14 Dicembre 2018, FLORIDA. È l’ora di pranzo e una supplente porta la sua classe in mensa. Gli alunni si siedono a tavola, tranne uno che non riesce proprio a star fermo. L’insegnante gli dice un paio di volte di star seduto composto, il bambino non ascolta e la maestra gli chiede di sedersi accanto a lei. Il bambino si rifiuta, allora lei si alza per andare verso il bambino, che inizia a urlare:

Non mettermi le mani addosso, mia mamma ti farà un c**o così.

e poi le dà un pugno al petto. A quel punto la maestra chiama la polizia, che arresta il bambino:

Figliolo, sai dove ti stiamo portando? In prigione.

12.08.2020 La mamma del bambino chiede di riaprire il caso.
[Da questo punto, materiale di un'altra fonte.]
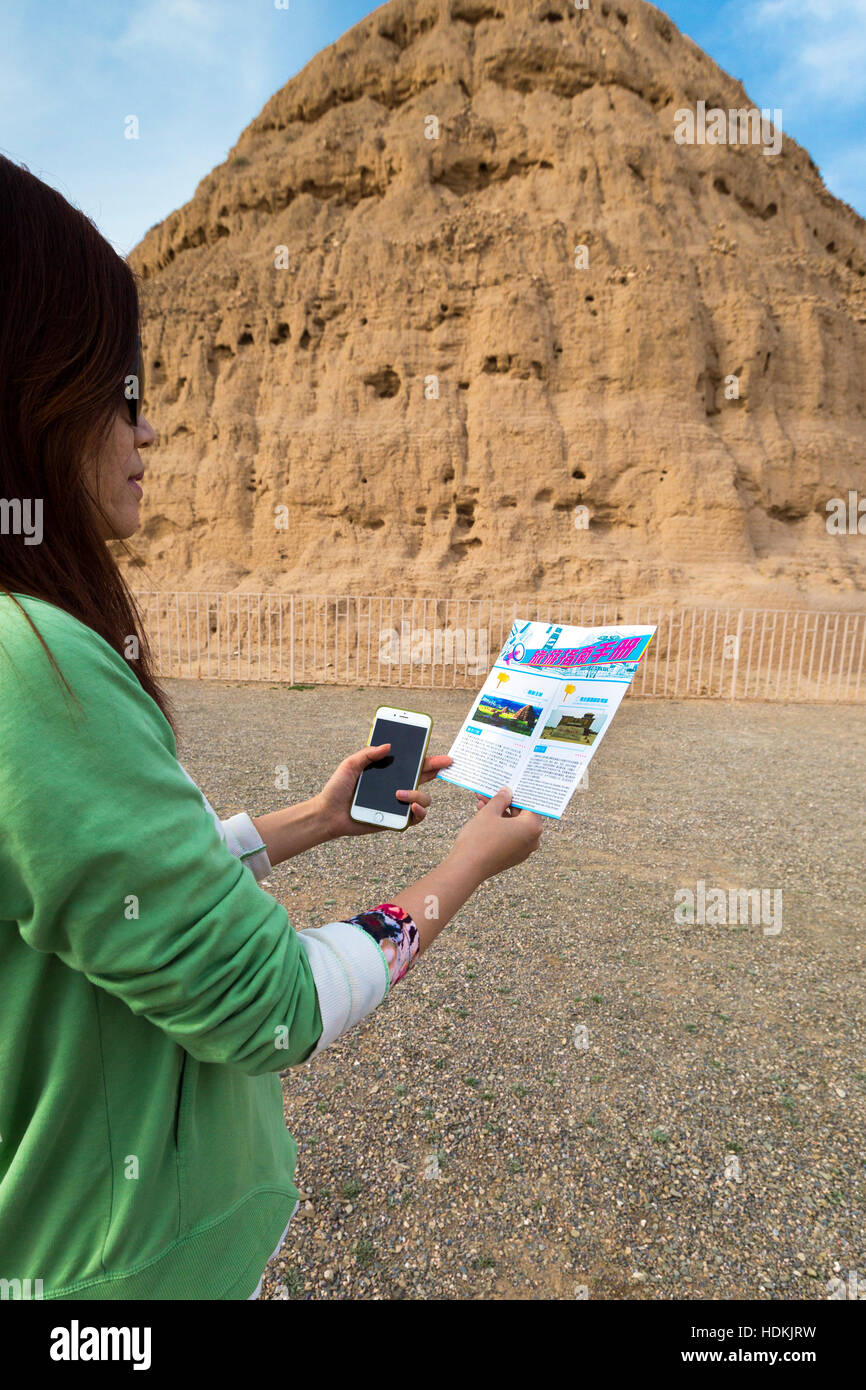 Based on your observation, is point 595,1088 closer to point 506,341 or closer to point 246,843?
point 246,843

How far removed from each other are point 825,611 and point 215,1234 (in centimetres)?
1480

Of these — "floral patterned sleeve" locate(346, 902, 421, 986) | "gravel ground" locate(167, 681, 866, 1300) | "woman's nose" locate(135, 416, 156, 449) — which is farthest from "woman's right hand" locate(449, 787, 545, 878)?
"gravel ground" locate(167, 681, 866, 1300)

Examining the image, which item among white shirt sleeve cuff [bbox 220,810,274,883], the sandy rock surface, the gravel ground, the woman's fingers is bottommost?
the gravel ground

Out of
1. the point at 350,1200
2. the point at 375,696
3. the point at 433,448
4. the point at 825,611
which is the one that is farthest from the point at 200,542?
the point at 350,1200

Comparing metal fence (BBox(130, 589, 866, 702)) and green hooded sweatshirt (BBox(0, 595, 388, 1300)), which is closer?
green hooded sweatshirt (BBox(0, 595, 388, 1300))

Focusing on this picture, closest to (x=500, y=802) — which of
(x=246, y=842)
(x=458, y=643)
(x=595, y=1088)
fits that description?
(x=246, y=842)

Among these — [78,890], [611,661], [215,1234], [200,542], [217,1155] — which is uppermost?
[200,542]

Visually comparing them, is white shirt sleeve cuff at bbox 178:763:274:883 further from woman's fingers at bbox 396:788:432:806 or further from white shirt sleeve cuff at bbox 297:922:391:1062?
white shirt sleeve cuff at bbox 297:922:391:1062

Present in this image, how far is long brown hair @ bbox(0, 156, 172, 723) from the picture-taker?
812 mm

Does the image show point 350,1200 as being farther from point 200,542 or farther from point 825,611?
point 200,542

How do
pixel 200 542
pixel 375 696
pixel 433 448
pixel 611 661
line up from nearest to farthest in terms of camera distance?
pixel 611 661
pixel 375 696
pixel 433 448
pixel 200 542

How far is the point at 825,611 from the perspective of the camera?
13.4m

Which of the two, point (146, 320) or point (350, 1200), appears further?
point (146, 320)

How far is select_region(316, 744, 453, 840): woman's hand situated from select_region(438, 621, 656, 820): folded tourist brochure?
0.39ft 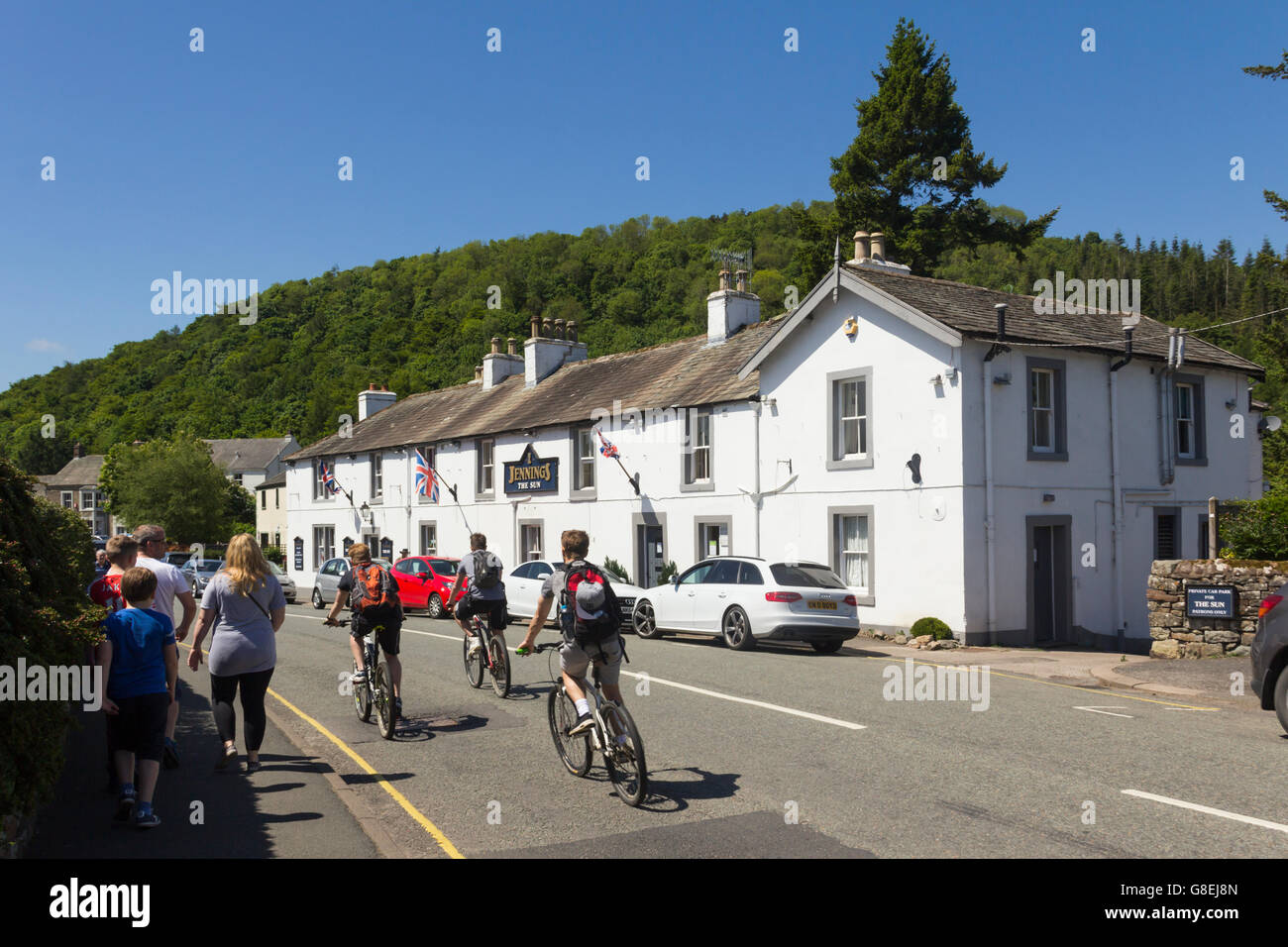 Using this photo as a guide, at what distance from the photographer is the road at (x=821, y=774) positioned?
617 cm

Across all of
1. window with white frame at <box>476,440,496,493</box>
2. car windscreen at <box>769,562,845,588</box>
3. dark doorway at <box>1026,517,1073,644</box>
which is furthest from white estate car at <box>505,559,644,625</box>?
window with white frame at <box>476,440,496,493</box>

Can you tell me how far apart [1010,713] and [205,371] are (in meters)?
108

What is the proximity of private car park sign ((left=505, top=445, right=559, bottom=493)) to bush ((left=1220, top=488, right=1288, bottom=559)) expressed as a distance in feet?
59.6

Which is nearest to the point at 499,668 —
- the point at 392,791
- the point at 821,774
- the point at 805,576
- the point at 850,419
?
the point at 392,791

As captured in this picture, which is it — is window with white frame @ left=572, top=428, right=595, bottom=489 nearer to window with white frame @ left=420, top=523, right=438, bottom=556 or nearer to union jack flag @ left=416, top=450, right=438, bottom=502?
union jack flag @ left=416, top=450, right=438, bottom=502

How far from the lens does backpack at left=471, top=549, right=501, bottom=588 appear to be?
12.4 meters

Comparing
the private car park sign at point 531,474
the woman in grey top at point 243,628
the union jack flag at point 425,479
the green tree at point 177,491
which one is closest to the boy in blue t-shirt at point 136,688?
the woman in grey top at point 243,628

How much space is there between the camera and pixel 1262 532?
52.4 feet

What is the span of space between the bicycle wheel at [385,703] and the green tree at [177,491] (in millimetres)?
65636

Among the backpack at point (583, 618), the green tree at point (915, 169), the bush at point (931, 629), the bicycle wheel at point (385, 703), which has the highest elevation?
the green tree at point (915, 169)

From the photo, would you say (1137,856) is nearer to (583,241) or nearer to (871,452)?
(871,452)

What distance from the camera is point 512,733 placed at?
32.5ft

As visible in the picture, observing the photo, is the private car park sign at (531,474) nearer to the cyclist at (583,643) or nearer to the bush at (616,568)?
the bush at (616,568)

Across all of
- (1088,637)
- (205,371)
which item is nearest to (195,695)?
(1088,637) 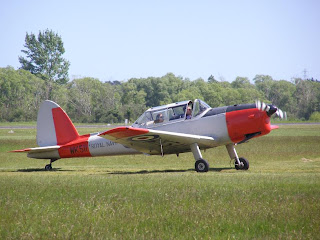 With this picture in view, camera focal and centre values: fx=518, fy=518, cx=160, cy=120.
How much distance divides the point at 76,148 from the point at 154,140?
4103mm

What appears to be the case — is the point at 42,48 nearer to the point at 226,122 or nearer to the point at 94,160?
the point at 94,160

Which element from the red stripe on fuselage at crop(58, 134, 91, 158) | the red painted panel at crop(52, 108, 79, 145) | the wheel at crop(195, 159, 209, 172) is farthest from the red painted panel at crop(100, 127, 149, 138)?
the red painted panel at crop(52, 108, 79, 145)

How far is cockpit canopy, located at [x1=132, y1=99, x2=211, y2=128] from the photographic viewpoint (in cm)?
1827

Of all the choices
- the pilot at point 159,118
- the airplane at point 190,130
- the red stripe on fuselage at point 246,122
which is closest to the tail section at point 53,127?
the airplane at point 190,130

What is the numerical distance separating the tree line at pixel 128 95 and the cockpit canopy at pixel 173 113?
Result: 185ft

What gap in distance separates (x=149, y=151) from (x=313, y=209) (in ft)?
30.4

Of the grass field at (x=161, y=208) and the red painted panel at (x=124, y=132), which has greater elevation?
the red painted panel at (x=124, y=132)

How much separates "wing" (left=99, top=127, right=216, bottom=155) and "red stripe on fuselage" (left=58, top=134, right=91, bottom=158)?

Viene rilasciato il filmato della bodycam dei tre poliziotti arrivati sul posto in cui si vede che uno degli agenti fa fatica ad ammanettare il bambino:

Le tue mani sono troppe piccole.

Allora gli chiedono di tenere le mani davanti a vista mentre lo accompagnano alla volante, e si sente un altro poliziotto che gli dice:

Capisci che si tratta di una cosa seria, vero? Odio trovarmi in questa posizione in cui mi hai messo. Hai commesso un errore e ora dovrai imparare e crescere, okay? Non farlo mai più.

Nel verbale della polizia è scritto che la scuola ha provato a contattare i genitori del bambino, ma la madre, Bianca Digennaro, italiana, si trovava fuori città, mentre suo padre, afroamericano, è riuscito ad arrivare poco prima dell’arresto.

L’avvocato di famiglia, Jacob Crump, che sta rappresentando anche la famiglia di George Floyd, ha commentato che la scuola è a conoscenza del disturbo da deficit di attenzione/iperattività del bambino, che prende medicine per la sua “disabilità” emotiva, e che segue un programma di educazione individuale all’iinterno dell’istituto.

Pare che la supplente non sapesse e nessuno abbia pensato di comunicarlo alla polizia, che nel verbale non ha riferito questo particolare. Preside e vicepreside della scuola elementare sono sotto inchiesta con l’accusa di non essere intervenuti.

No poliziotti nelle scuole

L’avvocato commenta:

Una crisi di salute mentale, e questo è ciò che la scuola pensa sia più appropriato fare, far arrestare e condannare un bambino di 8 anni.

Da ex poliziotto sono deluso dal comportamento degli agenti e di come abbiano trattato questo caso con un bambino minorenne e disabile.

Il capo della polizia ribatte:

Abbiamo solo seguito le procedure standard.

La madre si sfoga:

Ho il cuore spezzato, non posso credere che si accaduto a mio figlio. Mi rifiuto di farlo passare per un criminale a soli 8 anni. Mio figlio ricorda ancora la porta con le sbarre grosse che si chiudono dietro di lui.

La scuola si rifiuta di lasciare commenti e la supplente non è rintracciabile.